Team creates automated method to assemble story-driven photo albums
Taking photos has never been easier, thanks to the ubiquity of cell phones, tablets and digital cameras. But editing a mass of vacation photos into an album remains a chore. A new automated method developed by Disney Research could ease that task while also telling a compelling story.
The method developed by a team led by Leonid Sigal, senior research scientist at Disney Research, attempts to not only select photos based on quality and relevance, but also to order them in a way that makes narrative sense.
"Professional photographers, whether they are assembling a wedding album or a photo slideshow, know that the strict chronological order of the photos is often less important than the story that is being told," Sigal said. "But this process can be laborious, particularly when large photo collections are involved. So we looked for ways to automate it."
Sigal and his collaborators will present their findings at WACV 2015, the IEEE Winter Conference on Applications of Computer Vision, Jan. 6-9, in Waikoloa Beach, Hawaii. Others involved include Disney Research's Rafael Tena, Fereshteh Sadeghi, a computer science graduate student at the University of Central Florida and Ali Farhadi, assistant professor of computer science and engineering at the University of Washington.
The team looked at ways of arranging vacation photos into a coherent album. Previous efforts on automated album creation have relied on arranging photos based largely on chronology and geo-tagging, Sigal noted.

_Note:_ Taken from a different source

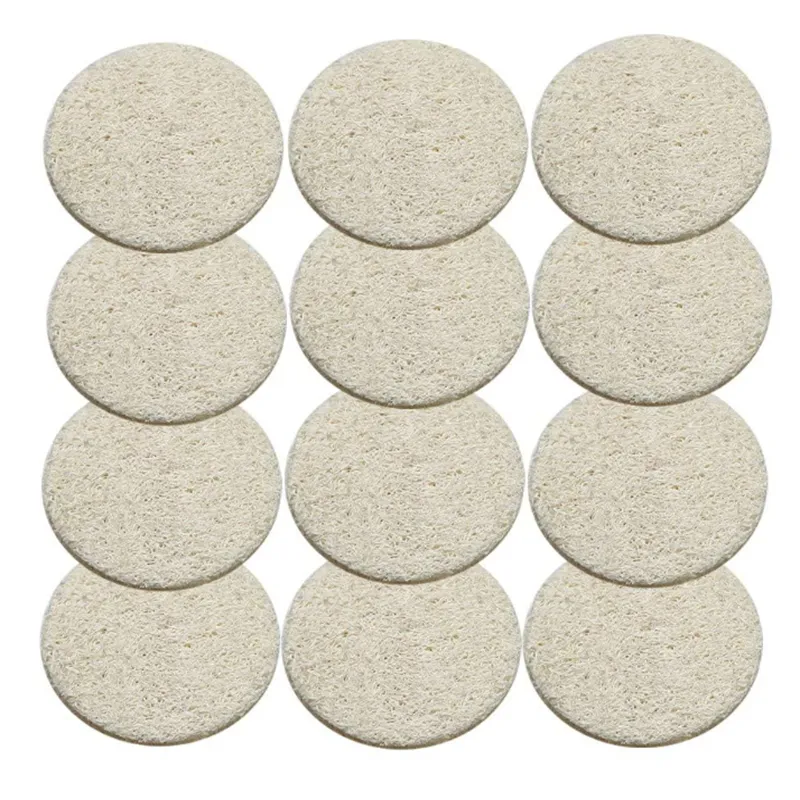 6 cm rundes, natürliches Luffa-Pad, Gesichtsreinigungsschwamm, Waschbürste, Entladungs-Make-up-Reiniger F216293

But when four people were asked to choose and assemble five-photo albums that told a story, the researchers noted that these individuals took photos out of chronological order about 40 percent of the time. Subsequent preference testing using Mechanical Turk showed people preferred these annotated albums over those chosen randomly or those based on chronology.
To create a computerized system capable of creating a compelling visual story, the researchers built a model that could create albums based on variety of photo features, including the presence or absence of faces and their spatial layout; overall scene textures and colors; and the esthetic quality of each image.
Their model also incorporated learned rules for how albums are assembled, such as preferences for certain types of photos to be placed at the beginning, in the middle and at the end of albums. An album about a Disney World visit, for instance, might begin with a family photo in front of Cinderella's castle or with Mickey Mouse. Photos in the middle might pair a wide shot with a close-up, or vice versa. Exclusionary rules, such as avoiding the use the same type of photo more than once, were also learned and incorporated.
The researchers used a machine learning algorithm to enable the system to learn how humans use those features and what rules they use to assemble photo albums. The training sets used for this purpose were created for the study from thousands of photos from Flickr. These included 63 image collections in five topic areas: trips to Disney theme parks, beach vacations and trips to London, Paris and Washington, D.C. Each collection was annotated by four people, who were asked to assemble five-photo albums that told stories and to group images into sets of near duplicates.
Once the system learned the principles of selecting and ordering photos, it was able to compose photo albums from unordered and untagged collections of photos. Sigal noted that such a system also can learn the preferences of individuals, in assembling these collections, to customize the album creation process.